GMO OMG Movie Review: What Are You Putting in Your Mouth?

Jeremy Seifert is your every-man American. Wife, kids, and concerned about the well being of his family. He tries to help them all make healthy eating choices, going so far as to grow their own food whenever possible. One of his sons has taken a particular interest in planting and harvesting seeds. When talk of GMOs (genetically modified organisms) started coming up and that they appeared to have made their way into the food supply, he decided to take a closer look. The results of this investigation are chronicled in Seifert’s documentary GMO OMG.

Genetically modified seeds have grown in popularity for their resilience to insects and weed killers, designed to produce high yield. However, the primary issue here is that the long-term effects of ingesting modified foods have not been determined, no one is regulating their use in commonly available products, said products are not being labeled so that consumers can make informed decisions, and the producers of the seeds are making a fortune off the ignorance of the average consumer.

The first synopsis I read of GMO OMG made it sound like Seifert set out with the sole objective of demonizing GMO products. The fact is that he gave Monsanto — the world leader in GMO seed and food products — multiple chances to explain why their products were good and safe, and they went beyond ignoring him — they flat-out told him to leave and had him escorted out of their building immediately, assuming the editing of this section is honest.

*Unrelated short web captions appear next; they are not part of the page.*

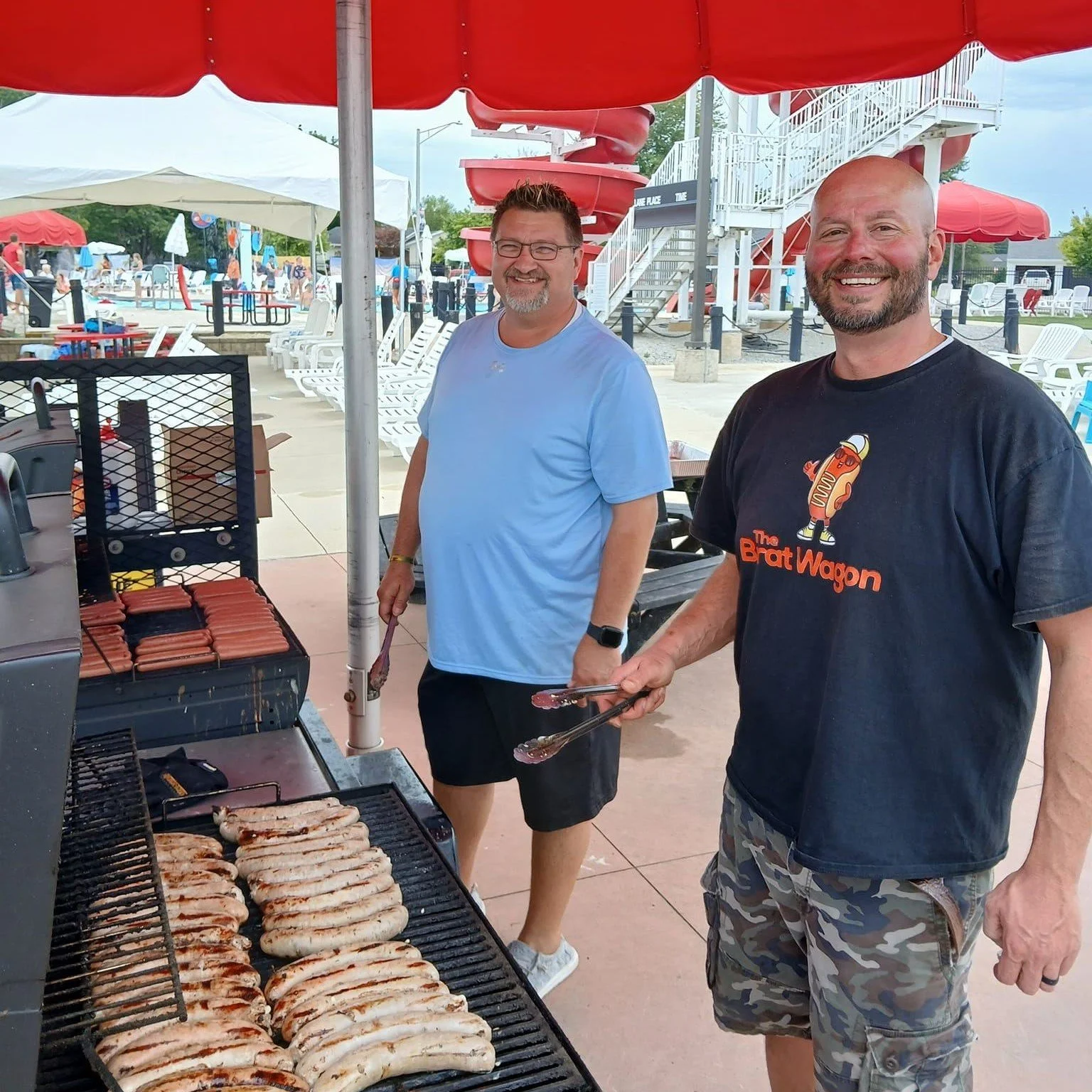 If you needed a sign for dinner&hellip; this is it 🌭🍷

The Brat Wagon, LLC is here tonight(April 24th) 5&ndash;9 PM at 1861 Wine Lounge.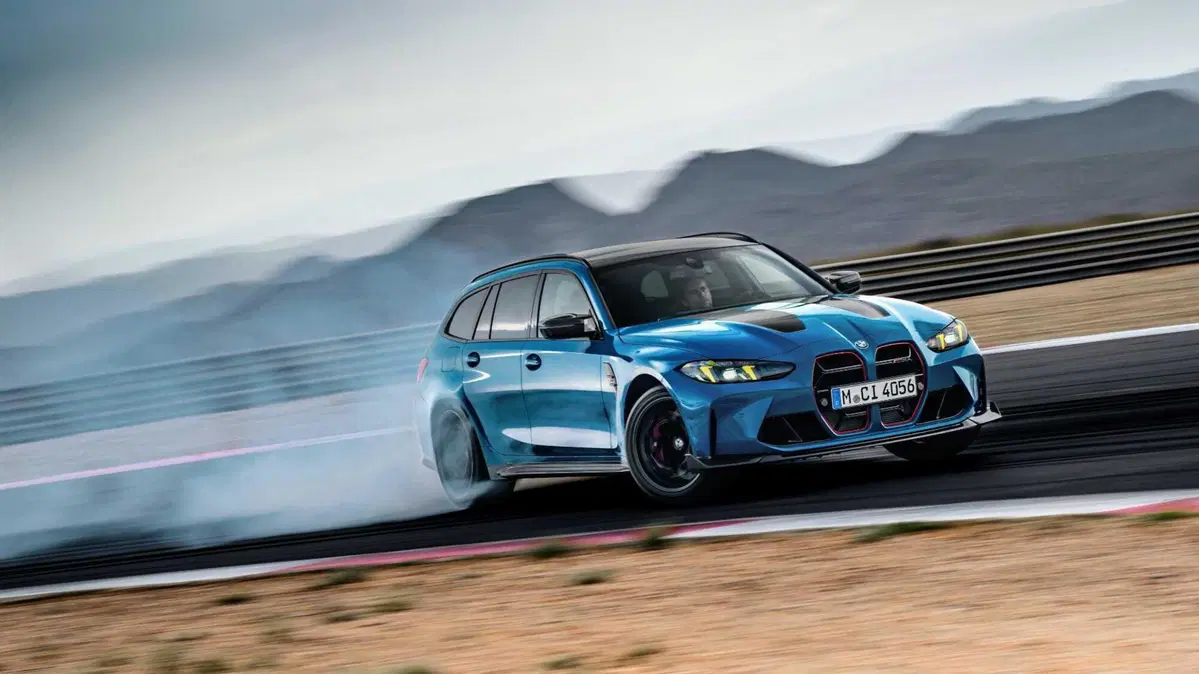 BMW M3 Cs: anche la Touring in arrivo, caratteristiche, prestazioni e prezzi (11)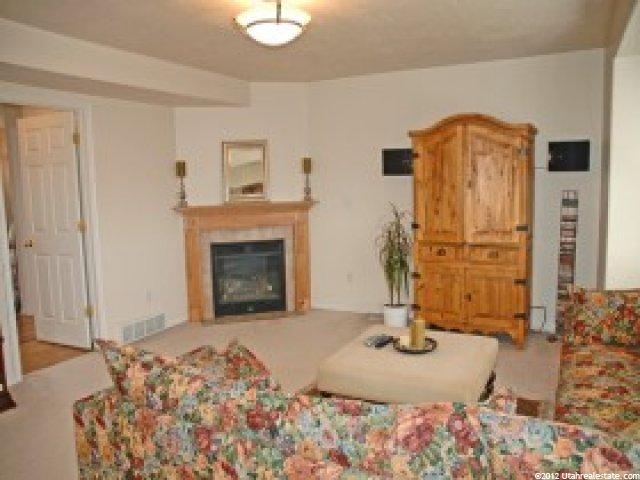 12 E Continental Dr, Farmington, UT 84025 — photo 7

Seifert started traveling the world, talking to farmers, scientists, consumers, politicians, and even visiting the Svalbard Global Seed Vault to establish the significance of keeping natural seeds available. It’s not just that one farmer growing GMO corn or soybeans is bad. It’s that his neighbors and anyone else downstream or downwind of the GMO farmer is potentially at risk for having their crops cross-pollinated and mutated into GMOs themselves. Seifert looks at what the happens to the long-term yield of these products and wonders if it’s worth what we may lose in the process. Weakened soil can’t be as productive in future years, something that established organic crop rotation techniques have been adapted to remedy. The GMO yield diminishes over time, or in some cases like with the Monsanto “relief” package to Haiti after the massive earthquake there, the seeds can only be planted once and that land may never be used again. The Haitians protested loud and clear that Monsanto’s brand of “help” was unwelcome and unwanted.

From there, the film explores the debatable patenting of bioengineered organisms. Should people be allowed to own life, particularly something that, until recently, was occurring naturally? Such patents have gone through so far without much fuss, aided by the fact that those set to benefit from them are well invested in Congress, not just financially, but by planting (pun intended) their cronies among the lawmakers and committees designed to monitor and research the effects of these products. Not surprisingly, nothing particular useful has come of this on either side.

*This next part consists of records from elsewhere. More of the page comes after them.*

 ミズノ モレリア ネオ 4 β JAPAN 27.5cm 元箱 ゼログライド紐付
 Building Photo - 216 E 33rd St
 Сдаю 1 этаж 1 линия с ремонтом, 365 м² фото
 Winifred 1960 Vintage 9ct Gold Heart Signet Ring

One researcher in France, where — along with most of Europe, Russia, China, India, South America, and other parts of the world — GMO seeds and food are either banned or require warning labels on packaging, has surpassed Monsanto’s own limited and potentially extremely biased internal research. Monsanto found no harm done in lab rats exposed to GMOs for a period of three months. Their research data is still being hidden from the public and others in the scientific community. The Frenchman ran a study for two years exposing rats to GMO products. As early as four or five months in — conveniently outside of where Monsanto cut off their own research — the rats started showing signs of tumors developing. By 24 months, the average GMO-fed rat had at least two or three tumors running strong, compared to zero in all the control rats being fed an organic diet.

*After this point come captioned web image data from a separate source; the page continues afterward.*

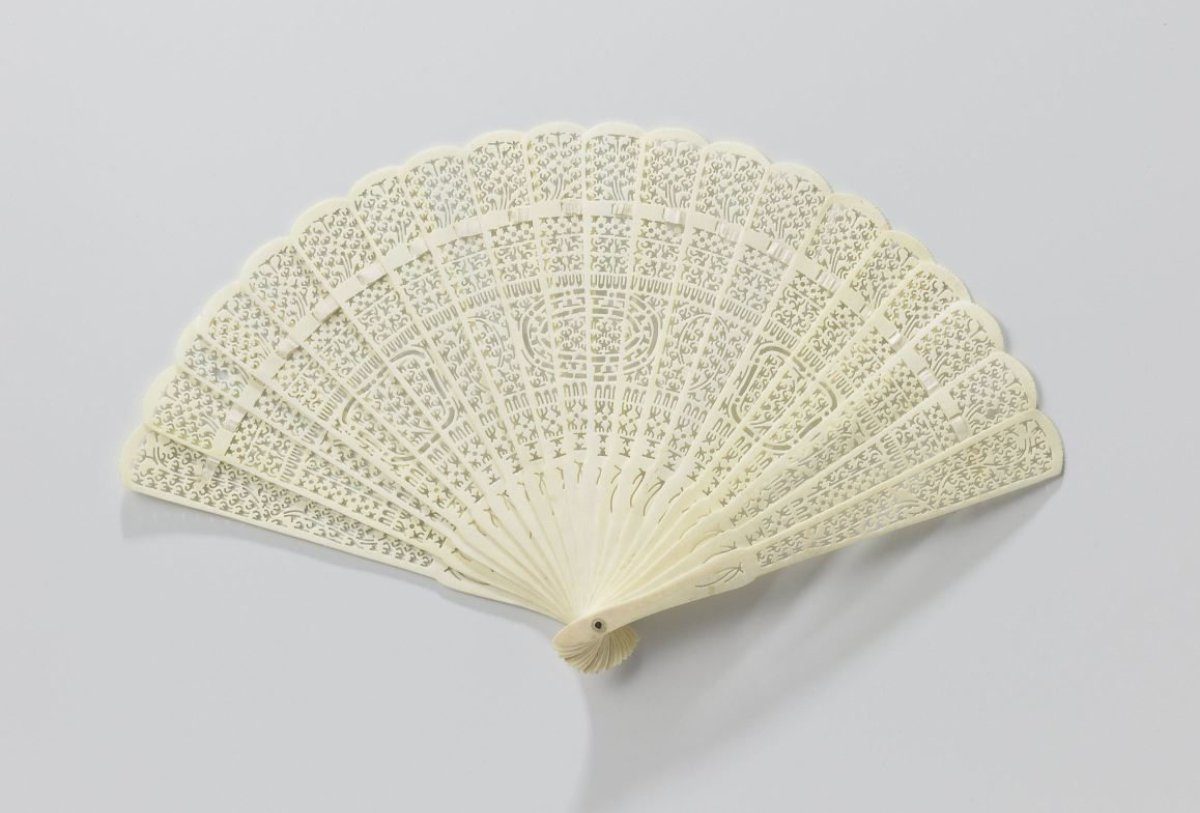 Brisé fan of pierced white bone
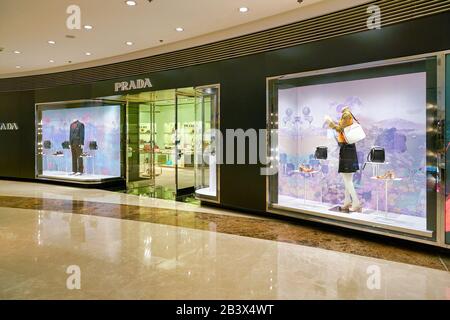 Hong KONG, CHINE - VERS JANVIER 2019 : magasin Storefront of Prada dans le centre commercial Elements Banque D'Images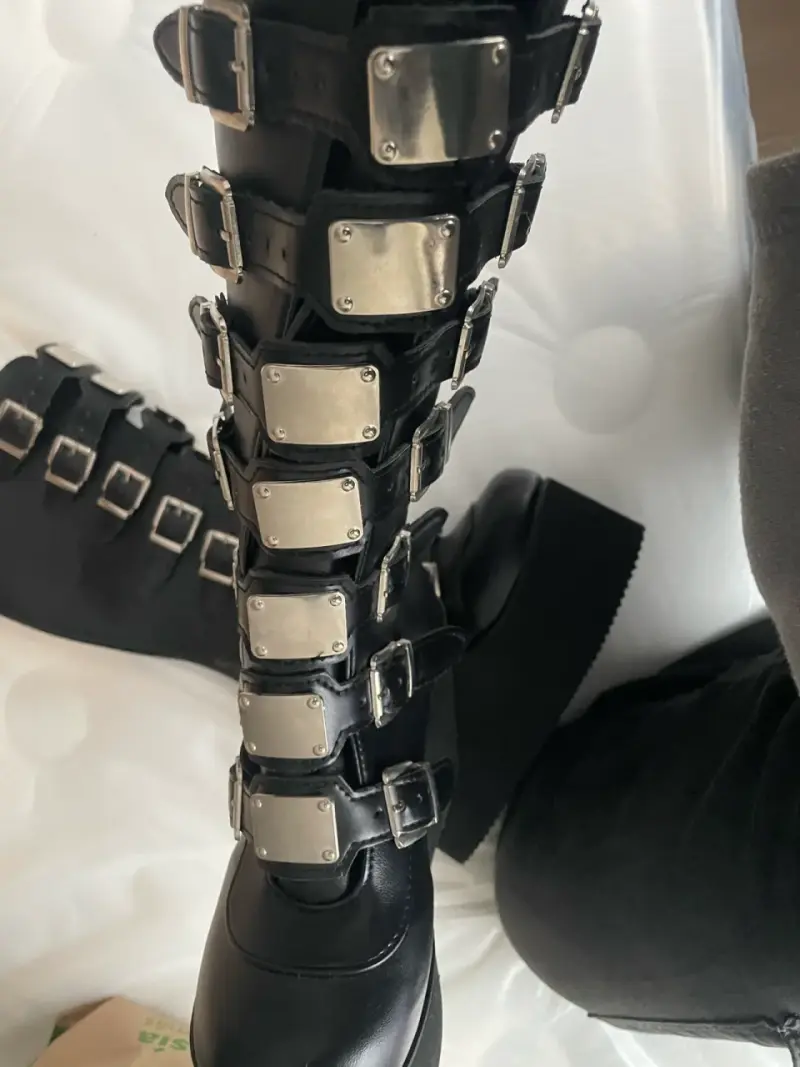 Botas negras con plataformas altas - 2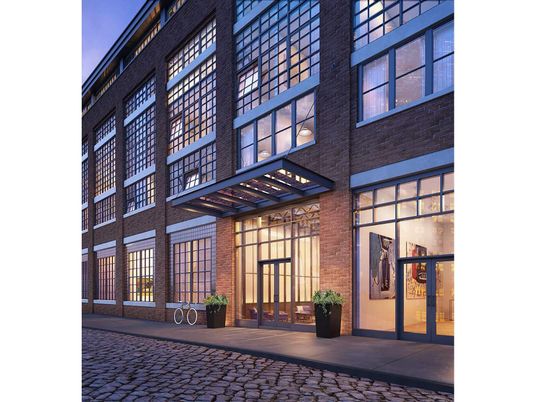 Exterior, Facade, Brick Facade, Chicago School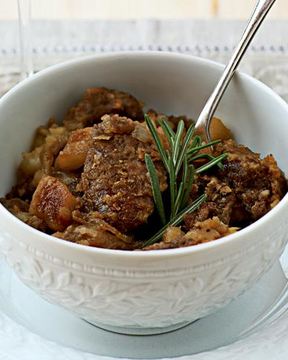 Печенка цесарки с луково-яблочным соусом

I don’t want to spoil everything — there’s a lot of great information here, and it’s well worth watching for all of the 80+ minutes it runs. Seifert asks some tough questions of everyone, including his family, all in the name of seeking the truth about GMOs. While we still don’t know what the long-term impact of these products is, there are many opposed to them, and one has to wonder, seriously, if seemingly the entire rest of the world is against these products, why is the USA doing nothing about them? Even labeling efforts at the state level have been met with stiff resistance. Couple with that the fact that 80% of processed foods (many labeled “All Natural”) in stores today contain GMOs (even at Whole Foods), and you really have to wonder whether eating food engineered to act as a pesticide itself really bears no further scrutiny before you chew it up and swallow it.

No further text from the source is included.